The size and shape of the synthesized ZnO-NPs were characterized by field-emission scanning electron microscopy (FESEM; JSM 7600F, JEOL, Tokyo, Japan). Elemental composition analysis of ZnO-NPs was performed by energy-dispersive X-ray (EDX) (SUPRA 55 VP 4132 Carl Zeiss, Oberkochen, Germany) analysis. Powder X-ray diffraction (XRD) (Bruker D8 Advance, Karlsruhe, Germany) was performed for identification, purity and quantitative analysis of ZnO-NPs in range from 30° to 80° Cu Kα radiations (k = 0.15406 nm). The FESEM analysis was carried out at Nano Science Centre, Calcutta University, India, whereas EDX and powder XRD analyses were performed at Central Instrumentation Facility, Kalyani University, India.

2.4. Preservation of Fish

In an initial trial, graded concentrations of ZnO-NPs were used and the desired concentration for fortification was determined based on the physicochemical characteristics of the meat. Then, a comparative storage study of minced fish was carried out to evaluate the efficacy of ZnO-NPs as compared to its inorganic counterparts, i.e., ZnO and ZnA, to evaluate nano size versus larger sizes of these chemicals. Fresh pangasius (Pangasius hypophthalmus) fish (average weight of 800 to 900 g) procured from a fish market (Belgachia, Kolkata, India) were beheaded, de-scaled, filleted and skinned manually. In recent years, this fish has attracted increased attention in India due to consumer demand and the higher rate at which they gain weight. The fillets were separated and minced using a mincer (Talleres Ramon, Spain, Barcelona; Model No. P-32) with an 8 mm plate under good hygienic and sanitary conditions. Initially, the synthesized ZnO-NPs were mixed with minced fish samples in triplicates to standardize the concentration of ZnO-NPs with graded levels of addition (0, 5, 10, 20 and 40 mg/kg of fresh fish) for the appearance of aesthetic appeal of fish samples. The best sensory results were found at 20 mg/kg in an 8-day storage study (Supplementary Figure S1). Thereafter, a dose of 20 mg/kg was used for a 6-day-long comparative storage study of minced fish at 4 °C with different sources of Zn, which were (1) control (without any added Zn), (2) fish samples fortified with 20 mg/kg of inorganic ZnO (ZnO), (3) fish samples fortified with 20 mg/kg of chemically synthesized ZnO-NPs (CZnO-NPs), (4) fish samples fortified with 20 mg/kg of inorganic zinc acetate (ZnA), and (5) fish samples fortified with 20 mg/kg of green synthesized ZnO-NPs (GZnO-NPs). Each treatment had three replicates for day 0, 3, and 6, and the minced fish fortified with different sources of Zn were mixed properly, packed in laminated pouches, and kept for 6 days in a refrigerator (4 ± 1 °C) for the sensory, physicochemical, and microbial studies of storage stability. The whole set of the experiment was repeated four times and completed within two months.
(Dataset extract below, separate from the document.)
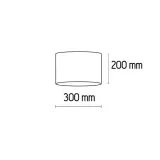 abazur-juta-30-x-20-cm-e27-tk-lighting-material-wykonania-inny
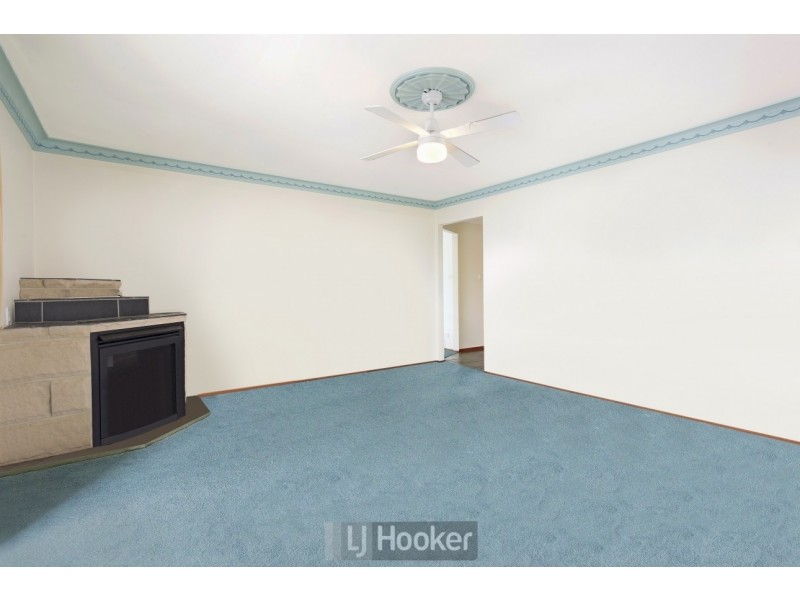 58 Berkeley Street, Speers Point NSW 2284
2.5. Chemical and Microbiological Analysis

2.5.1. Measurement of pH

The pH of the treated fish samples was determined on day 0, 3, and 6 by homogenizing 10 g of sample with 50 mL distilled water using a tissue homogenizer (WiseMix, HG-15D; Daihan Scientifics, Wonju-si, Gangwon-do, Republic of Korea) for 1 min. The pH of the suspension was recorded using a digital pH meter (Thermo Scientific Orion Star A111, Hudson, MA, USA), which was calibrated against a buffer of pH 4, 7, and 10. The pH values of each sample were determined in triplicates.

2.5.2. Thiobarbituric Acid Reactive Substances

The thiobarbituric acid reactive substance (TBARS) value was measured following the procedure of Witte et al. [42]. Briefly, trichloroacetic acid (TCA) extracts of the minced fish samples were prepared by homogenizing 4 g of fish sample with 20 mL of cooled TCA solution (20 g/100 mL) for 2 min in an ultra-turrax homogenizer. The contents were allowed to stay for 10 min for better extraction and subsequently were centrifuged at 3000 rpm (CPR-24; Remi Instruments, Mumbai, India) for 10 min.
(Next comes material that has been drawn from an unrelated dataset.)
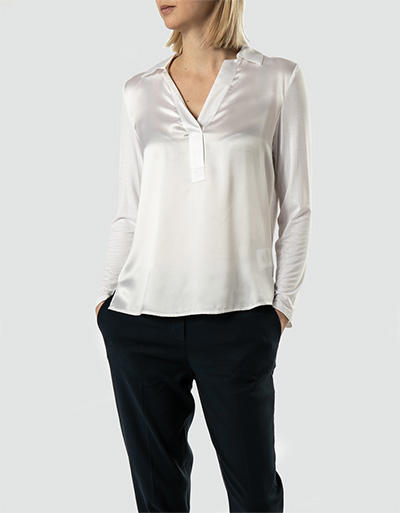 Marc O'Polo Damen Bluse 101 0952 42071/104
The supernatant (3 mL) was mixed with an equal volume of thiobarbituric acid (1 g/L; TBA) solution. For the blank, the same procedure was followed as described above except that 3 mL of cooled TCA solution (200 g/L) was added instead of the TCA extract. The mixture was boiled in a water bath for 30 min and then cooled to room temperature, and absorbance was measured at 530 nm using an UV–Vis spectrophotometer (Thermo Electron Corporation, Cambridge, UK; Model No. AQA 133204). TBARS values were calculated by extrapolating from a standard curve and were expressed in mg malondialdehyde/kg fish meat.

2.5.3. Peroxide Value

The peroxide value (PV) was determined following the method of Jacobs [43]. Fish samples (10 g) were homogenized after adding anhydrous sodium sulfate (15 g) to eliminate moisture. Fat was extracted with chloroform (50 mL) and the filtrate was collected. The chloroform filtrate (15 mL) was mixed with glacial acetic acid (15 mL) and potassium iodide solution (100 g/L; 10 mL). The mixture was then kept in a dark place for 10 min and distilled water (50 mL) was added to it. To measure the released iodide, the content was titrated with sodium thiosulfate solution (0.02 N) in the presence of freshly prepared starch solution (10 g/L; 1 mL) until the disappearance of the blue color. The PV was calculated and expressed as meq of active O₂/kg of fat.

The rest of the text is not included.